Importance of Data Mapping and Scrubbing
Data mapping refers to the making of parallels between two systems of data storage so that data can be transferred from one system to another without the data being compromised. The scrubbing of data refers to the process of proofreading data either manually or using software before transferring it to another system to ensure that there is no duplication of data. The data for Orange Park Hospital from the week four assignment presented in tables had to be mapped with data from other hospitals in Jacksonville, FL Florida, and nationally for comparisons to be made.
The data mapping that happened to enable analysis happens smoothly facilitated the integration of data, migration of data, and other data management tasks. Data scrubbing had to be done before matching the fields from the different databases. This was done to ensure the data has high quality that translates into correct findings and appropriate policy formulation in the health facility (Wu et al., 2017).
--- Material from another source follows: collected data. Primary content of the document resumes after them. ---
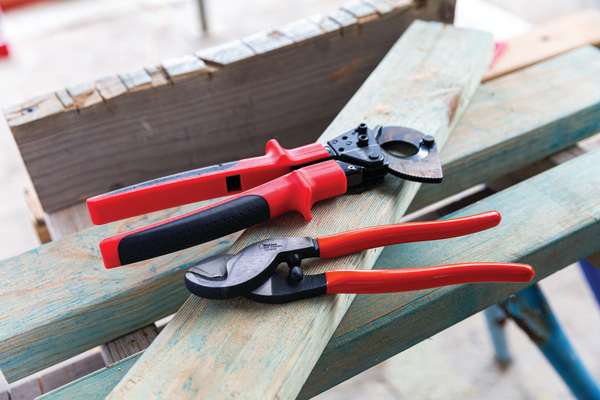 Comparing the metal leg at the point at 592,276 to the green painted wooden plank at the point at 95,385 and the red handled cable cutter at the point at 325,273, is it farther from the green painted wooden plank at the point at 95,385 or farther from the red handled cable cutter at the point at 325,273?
the green painted wooden plank at the point at 95,385

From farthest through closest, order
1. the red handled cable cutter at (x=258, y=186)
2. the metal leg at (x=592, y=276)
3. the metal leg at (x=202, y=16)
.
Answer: the metal leg at (x=202, y=16) < the metal leg at (x=592, y=276) < the red handled cable cutter at (x=258, y=186)

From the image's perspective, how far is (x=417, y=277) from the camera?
0.70m

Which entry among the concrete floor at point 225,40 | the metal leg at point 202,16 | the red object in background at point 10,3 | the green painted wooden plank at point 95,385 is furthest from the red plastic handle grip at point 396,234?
the red object in background at point 10,3

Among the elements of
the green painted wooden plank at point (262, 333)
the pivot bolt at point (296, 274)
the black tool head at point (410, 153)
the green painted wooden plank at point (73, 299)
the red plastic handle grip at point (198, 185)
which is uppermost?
the red plastic handle grip at point (198, 185)

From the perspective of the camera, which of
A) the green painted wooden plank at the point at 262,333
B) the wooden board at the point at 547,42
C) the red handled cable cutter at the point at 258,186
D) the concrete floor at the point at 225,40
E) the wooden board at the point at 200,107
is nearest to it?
the green painted wooden plank at the point at 262,333

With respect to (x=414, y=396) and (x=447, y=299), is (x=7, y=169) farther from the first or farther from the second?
(x=447, y=299)

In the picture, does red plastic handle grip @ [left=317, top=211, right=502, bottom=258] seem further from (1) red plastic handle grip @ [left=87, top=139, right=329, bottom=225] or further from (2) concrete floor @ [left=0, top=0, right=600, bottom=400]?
(2) concrete floor @ [left=0, top=0, right=600, bottom=400]

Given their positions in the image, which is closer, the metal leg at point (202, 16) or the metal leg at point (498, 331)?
the metal leg at point (498, 331)

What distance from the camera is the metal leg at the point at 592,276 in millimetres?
1214

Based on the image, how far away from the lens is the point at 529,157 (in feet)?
3.70

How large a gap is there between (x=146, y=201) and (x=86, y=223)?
1.34 feet

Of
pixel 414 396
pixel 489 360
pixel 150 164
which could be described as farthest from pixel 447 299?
pixel 489 360

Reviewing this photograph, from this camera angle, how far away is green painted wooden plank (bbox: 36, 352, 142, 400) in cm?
71

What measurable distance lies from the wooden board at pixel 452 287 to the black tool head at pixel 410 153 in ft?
0.43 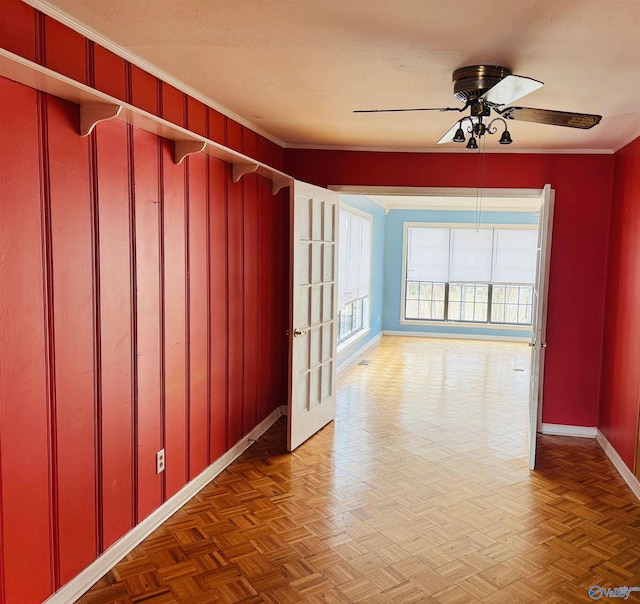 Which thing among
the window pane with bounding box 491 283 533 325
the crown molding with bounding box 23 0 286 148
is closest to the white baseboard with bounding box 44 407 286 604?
the crown molding with bounding box 23 0 286 148

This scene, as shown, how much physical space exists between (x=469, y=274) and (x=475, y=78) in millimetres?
7265

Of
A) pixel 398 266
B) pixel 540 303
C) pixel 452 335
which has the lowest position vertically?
pixel 452 335

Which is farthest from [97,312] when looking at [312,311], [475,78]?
[312,311]

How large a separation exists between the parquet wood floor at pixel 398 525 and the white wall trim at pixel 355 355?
178 cm

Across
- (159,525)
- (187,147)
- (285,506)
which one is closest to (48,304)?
(187,147)

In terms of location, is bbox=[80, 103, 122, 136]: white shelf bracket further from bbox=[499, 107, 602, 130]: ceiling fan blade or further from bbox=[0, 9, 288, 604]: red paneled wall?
bbox=[499, 107, 602, 130]: ceiling fan blade

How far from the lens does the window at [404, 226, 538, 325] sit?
369 inches

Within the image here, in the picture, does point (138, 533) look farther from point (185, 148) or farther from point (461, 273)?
point (461, 273)

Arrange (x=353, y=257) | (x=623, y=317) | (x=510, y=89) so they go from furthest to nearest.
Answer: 1. (x=353, y=257)
2. (x=623, y=317)
3. (x=510, y=89)

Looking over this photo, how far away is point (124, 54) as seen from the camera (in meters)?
2.43

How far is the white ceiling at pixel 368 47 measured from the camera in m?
1.95

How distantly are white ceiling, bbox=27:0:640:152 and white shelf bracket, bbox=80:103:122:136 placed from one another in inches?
13.0

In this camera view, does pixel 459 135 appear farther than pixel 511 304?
No

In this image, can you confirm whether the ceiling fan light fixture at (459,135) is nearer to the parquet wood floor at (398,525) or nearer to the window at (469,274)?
the parquet wood floor at (398,525) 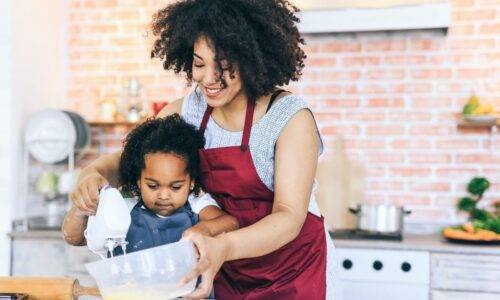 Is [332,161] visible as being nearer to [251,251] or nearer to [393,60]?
[393,60]

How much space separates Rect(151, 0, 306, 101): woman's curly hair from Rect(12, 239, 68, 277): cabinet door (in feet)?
6.15

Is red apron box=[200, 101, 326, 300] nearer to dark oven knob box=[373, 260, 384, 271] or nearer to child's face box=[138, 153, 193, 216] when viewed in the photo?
child's face box=[138, 153, 193, 216]

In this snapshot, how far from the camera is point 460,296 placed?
2984 millimetres

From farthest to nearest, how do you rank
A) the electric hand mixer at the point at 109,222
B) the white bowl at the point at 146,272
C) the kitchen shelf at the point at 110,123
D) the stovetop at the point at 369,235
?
the kitchen shelf at the point at 110,123 < the stovetop at the point at 369,235 < the electric hand mixer at the point at 109,222 < the white bowl at the point at 146,272

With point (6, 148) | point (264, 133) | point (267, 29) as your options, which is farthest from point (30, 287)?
point (6, 148)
Both data mapping and data scrubbing lead to obtaining high-quality information that results in better patient care and prevents the feeling of frustration among patients and distrust of the technology by employees.
Errors in Data
The two possible errors in data that could cause issues for the health care facility in the week four assignment involve completeness and comprehensiveness of the data. Therefore, the first possible error is the absence of statistics for hospital measures of the use of medical imaging. Simultaneously, the second possible error is the absence of statistics for hospital measures of patient satisfaction, specifically in regard to the communication from nurses. The first error made the patient wait for another appointment for the magnetic resonance imaging test to be taken, which obviously led to the frustration of the patient. This creates a bad impression about the health facility, and other patients who hear of the experience of the frustrated patient would hesitate to visit the hospital to seek health services. All these culminate into a detrimental ripple effect that threatens the future prosperity of the health facility.
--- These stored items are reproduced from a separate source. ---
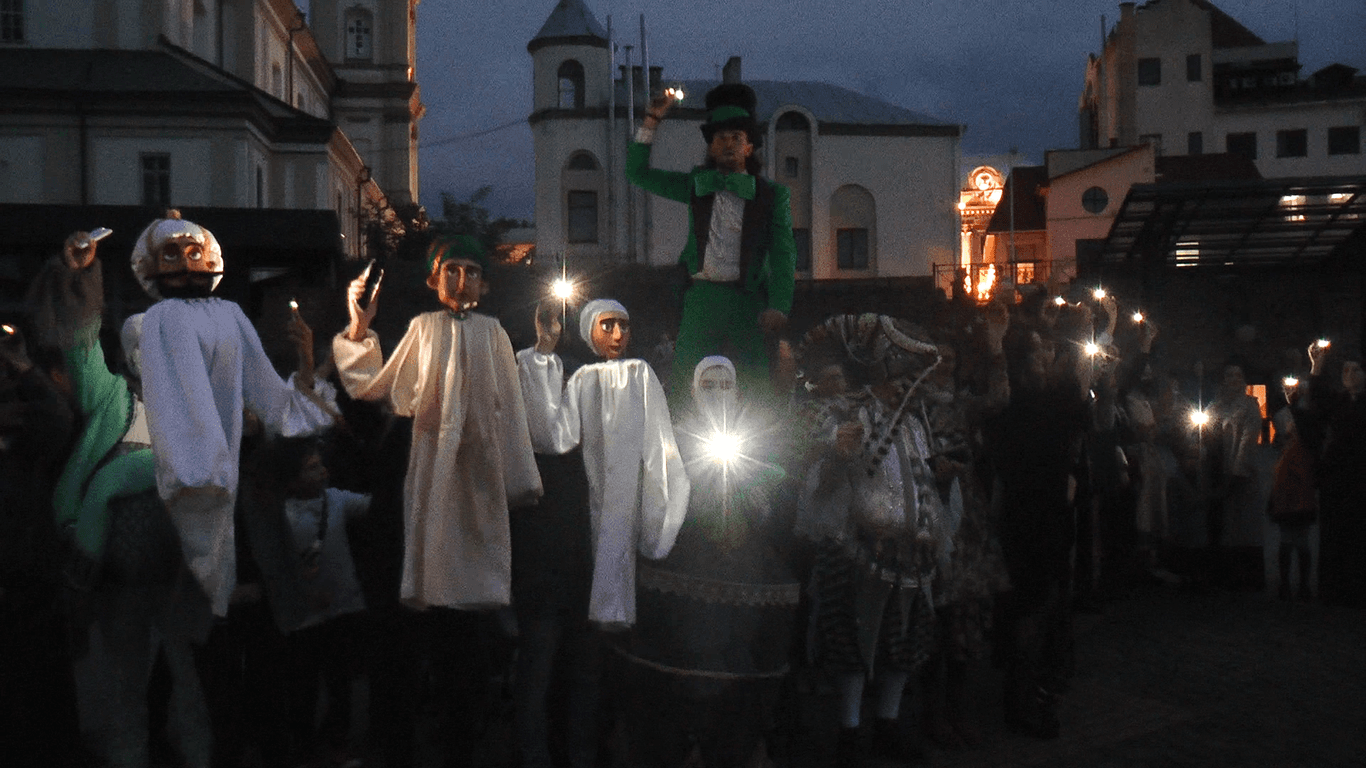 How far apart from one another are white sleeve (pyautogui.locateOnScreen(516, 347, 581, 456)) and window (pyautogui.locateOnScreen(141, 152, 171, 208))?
24.4 meters

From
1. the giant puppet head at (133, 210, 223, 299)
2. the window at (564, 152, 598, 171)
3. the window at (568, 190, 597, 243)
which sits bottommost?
the giant puppet head at (133, 210, 223, 299)

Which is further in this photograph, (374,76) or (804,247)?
(374,76)

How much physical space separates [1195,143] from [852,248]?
1983 cm

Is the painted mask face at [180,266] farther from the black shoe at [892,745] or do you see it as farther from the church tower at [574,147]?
the church tower at [574,147]

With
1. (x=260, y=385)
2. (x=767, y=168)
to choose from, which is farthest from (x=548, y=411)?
(x=767, y=168)

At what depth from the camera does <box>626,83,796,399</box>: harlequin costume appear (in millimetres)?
5844

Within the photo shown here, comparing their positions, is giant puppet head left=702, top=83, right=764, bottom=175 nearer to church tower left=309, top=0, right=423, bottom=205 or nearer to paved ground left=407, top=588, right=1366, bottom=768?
paved ground left=407, top=588, right=1366, bottom=768

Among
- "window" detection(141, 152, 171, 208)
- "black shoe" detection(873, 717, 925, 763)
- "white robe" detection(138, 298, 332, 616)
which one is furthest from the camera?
"window" detection(141, 152, 171, 208)

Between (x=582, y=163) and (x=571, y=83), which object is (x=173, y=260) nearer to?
(x=582, y=163)

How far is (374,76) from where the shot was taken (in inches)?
1838

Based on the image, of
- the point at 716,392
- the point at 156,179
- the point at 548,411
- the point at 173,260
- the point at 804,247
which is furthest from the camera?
the point at 804,247

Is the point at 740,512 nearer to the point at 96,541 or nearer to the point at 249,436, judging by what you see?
the point at 249,436

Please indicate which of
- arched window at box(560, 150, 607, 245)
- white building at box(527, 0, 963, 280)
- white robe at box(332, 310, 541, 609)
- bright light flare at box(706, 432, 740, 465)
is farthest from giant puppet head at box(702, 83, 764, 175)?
arched window at box(560, 150, 607, 245)

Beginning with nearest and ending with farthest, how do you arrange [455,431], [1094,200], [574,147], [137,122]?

The Ways of Ensuring Data is Clean
The health care facility can ensure their data is clean by dealing with missing data, standardizing the process of data cleaning, validating the accuracy of data, removing duplicated data, repairing structural errors, and removing unwanted observations. The missing data in a database should not be ignored as this could lead to detrimental effects on the health organization. One way of handling missing data is by putting zero for the observation whose data is missing. This is better than completely removing the observation or extrapolating the values from other observations to find an approximate figure for the missing value. In conclusion, all health organizations have to embrace investment in advanced data analytics technology to be competitive and provide the best patient care.
Abidi, S. S. R., & Abidi, S. R. (2019). Intelligent health data analytics: A convergence of artificial intelligence and big data. Healthcare Management Forum, 32(4), 178-182. .
Wu, P.-Y., Cheng, C.-W., Kaddi, C., Venugopalan, J., Hoffman, R., & Wang, M. D. (2017). Advanced Big Data Analytics for -Omic Data and Electronic Health Records: Toward Precision Medicine. IEEE Transactions on Bio-Medical Engineering, 64(2), 263-273.